The Hive SQL Crash Course For Data Analysts

SQL is one of the most in-demand data skills. The language has been adopted by many database platforms, including Apache Hive. This article will serve as a crash couse into the key functionality of Hive QL.

Throughout this article, we will use the two sample tables as the basis for our code.

THE CUSTOMERS TABLE

FIELD NAMEDATA TYPEDESCRIPTION
CUSTOMER_IDINTEGERTHE ID OF A CUSTOMER
CUSTOMER_NAMESTRINGTHE FULL NAME OF THE CUSTOMER (FIRSTNAME SURNAME)
FIRST_LINE_ADDRESSSTRINGHOUSE NUMBER & STREET NAME
TOWNSTRINGTOWN NAME
POSTCODESTRINGPOST CODE WITH SPACE (XX22 XXX)
AGEINTEGERTHE AGE IN WHOLE YEARS
GENDERSTRINGM or F
SALARYFLOATANNUAL SALARY OF THE CUSTOMER


ORDERS TABLE

FIELD NAMEDATA TYPEDESCRIPTION
ORDER_IDINTEGERID OF THE ORDER
CUSTOMER_IDINTEGERID OF THE CUSTOMER
ORDER_VALUEFLOATVALUE INCLUDING PENCE
ORDER_TAXSTRINGTAX CALCULATED ON ORDER
ORDER_DATESTRINGYYYY-MM-DD ORDER DATE

Selecting & Filtering Data

The first thing we want to to is simply select everything from the customers table, to see what kind of data we have. To do that, we simply use the below code, where * means ‘everything’.

select * 
from customers

Now, we want to find all the records, specifically for customers who are female. We therefore add a where statement. Now, the below reads as ‘select everything from the customers table, where the gender field is equal to F’.

select * 
from customers 
where gender = 'F'

I can refine this more, I can select, all the records from the customers table, where gender is female and their salary is over 50,000.

select * 
from customers 
where gender = 'F' and salary > 50000

Sometimes it can be a bit more complex, what if, I want to select everything from the customers table, where the customer is female and their salary is above 50,000 and their town is either London or Manchester. Notice the use of brackets here. This ensures that the statement is executed correctly.

select * 
from customers 
where gender = 'F' and salary > 50000 
and (town = 'London' or town = 'Manchester')

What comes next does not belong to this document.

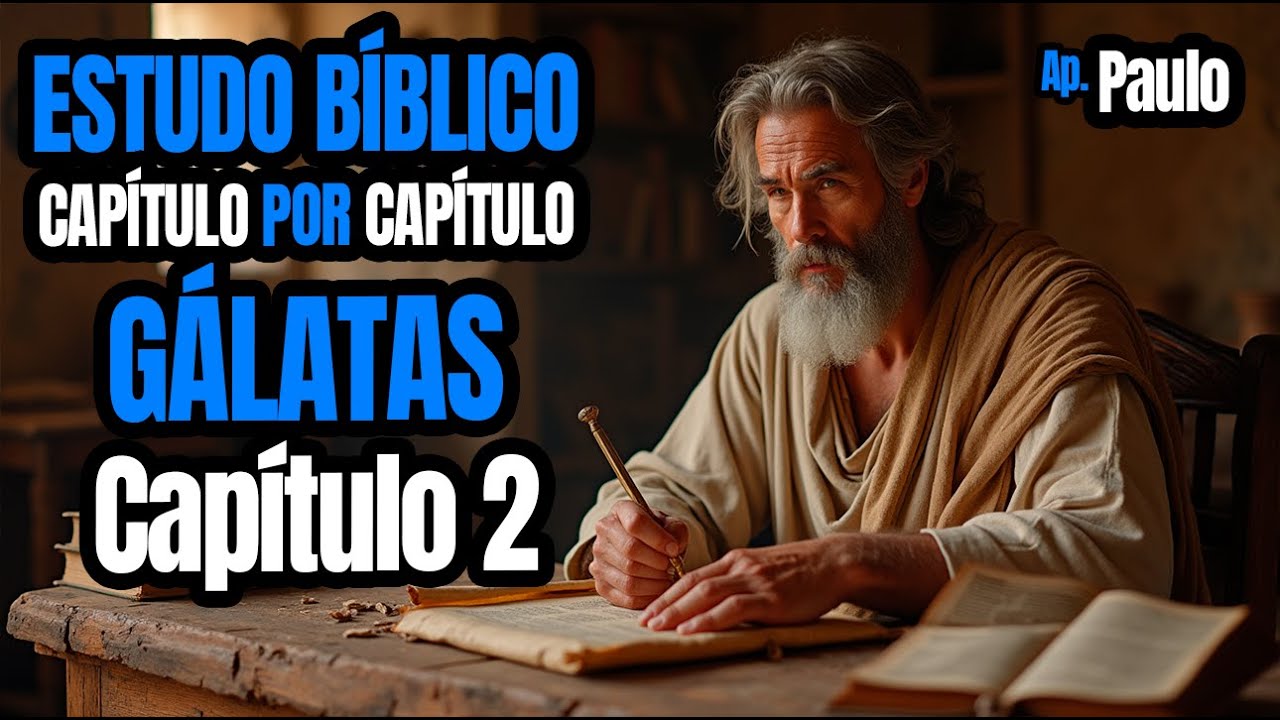 Estudo B&iacute;blico - G&aacute;latas 2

Now, we want to select a subset of the fields in the table, we just want town, so we can understand where these customers live. The below selects only that field.

select town 
from customers 
where gender = 'F' and salary > 50000 
and (town = 'London' or town = 'Manchester')

It turns out, we have lots of customers residing in the same town, so the towns are duplicated. Our result looks a bit like: London, London, Manchester, London, Birmingham…. So, we want to select only the unique towns. Here, we can use the distinct operator. This removes all the duplicated town names from the result.

select distinct town 
from customers 
where gender = 'F' and salary > 50000 
and (town = 'London' or town = 'Manchester')

In our where statements, we can use:

  • > : greater than
  • < : less than
  • >= : greater or equal to
  • <= : less than or equal to
  • in : where the value is in a list (e.g. name in (‘Sam’, ‘Bob’, ‘Sarah’)
  • between : e.g. where salary between 10000 and 20000

Aggregating our data

By this point, you should be comfortable with selecting data from tables and applying multiple filters to that data. Imagine if we wanted to find out a few things:

  • How many customers do we have that are Female and earn more than 50,000?
  • What is the minimum, maximum and average salary for all of our customers?
  • How many customers do we have in each town?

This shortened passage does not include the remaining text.